■ Task item ■
Range to output from the entries below: the line containing "INCASE Laptop/city messenger" through the line containing "Bavaria Cruiser 40 — photo 9". Set it down exactly, ends included, nothing else.

■ Records for this exercise ■
────────────────────

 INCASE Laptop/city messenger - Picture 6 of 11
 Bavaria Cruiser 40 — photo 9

────────────────────

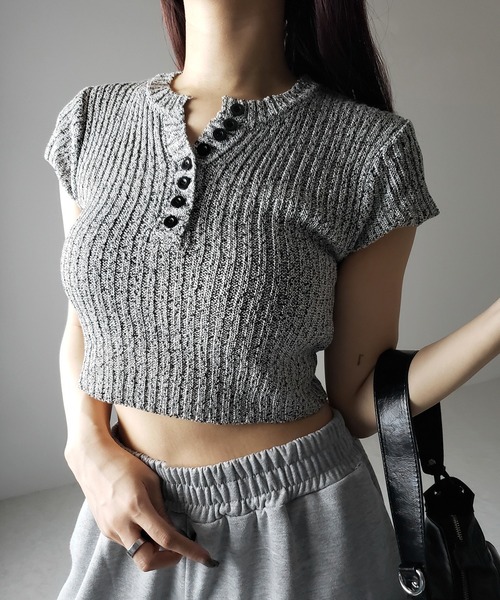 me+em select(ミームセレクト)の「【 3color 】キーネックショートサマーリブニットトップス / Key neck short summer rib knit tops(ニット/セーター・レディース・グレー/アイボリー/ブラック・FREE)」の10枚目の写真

────────────────────

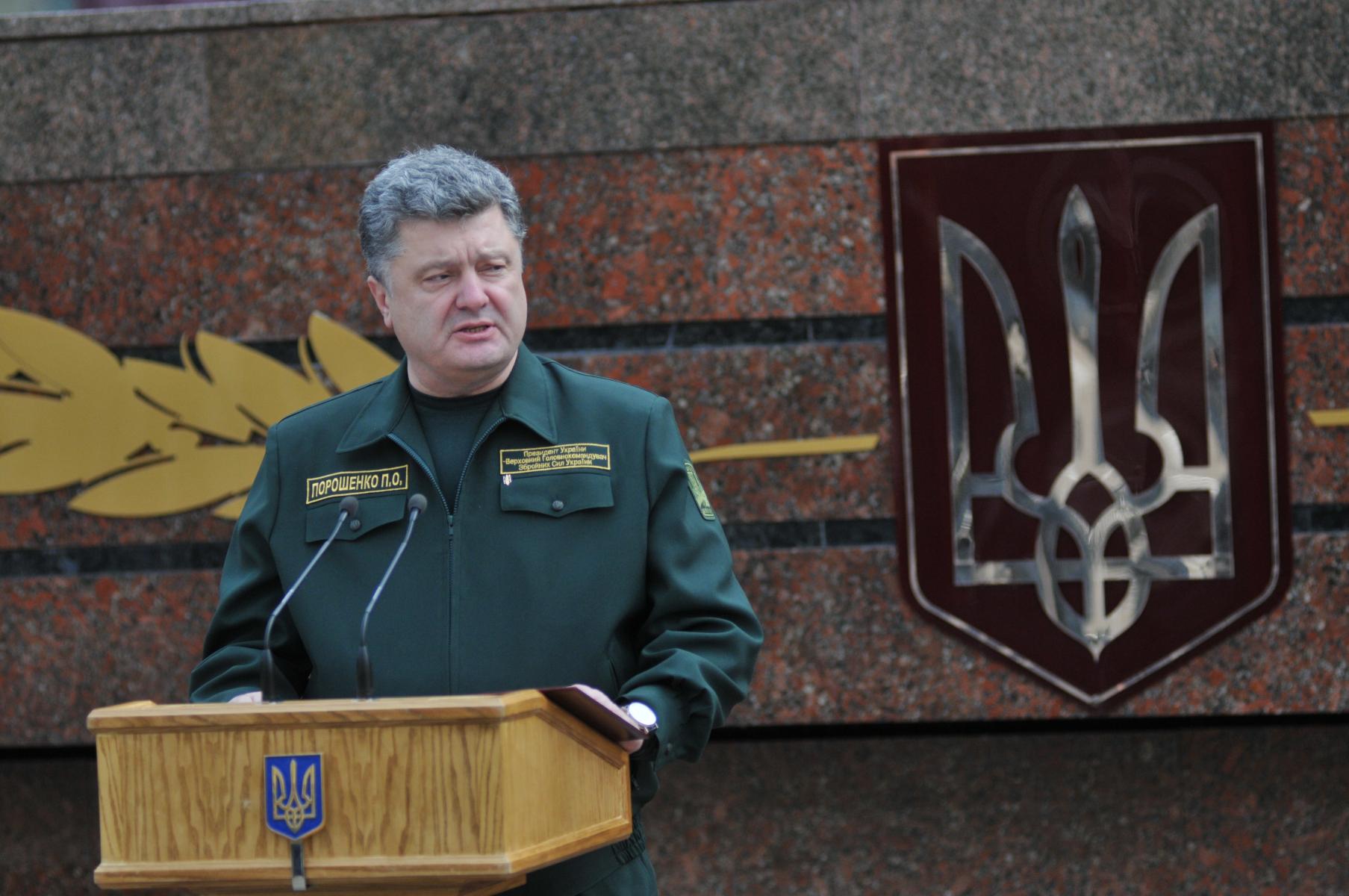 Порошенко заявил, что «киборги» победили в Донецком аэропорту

────────────────────

■ Completed task ■
 INCASE Laptop/city messenger - Picture 6 of 11
 Bavaria Cruiser 40 — photo 9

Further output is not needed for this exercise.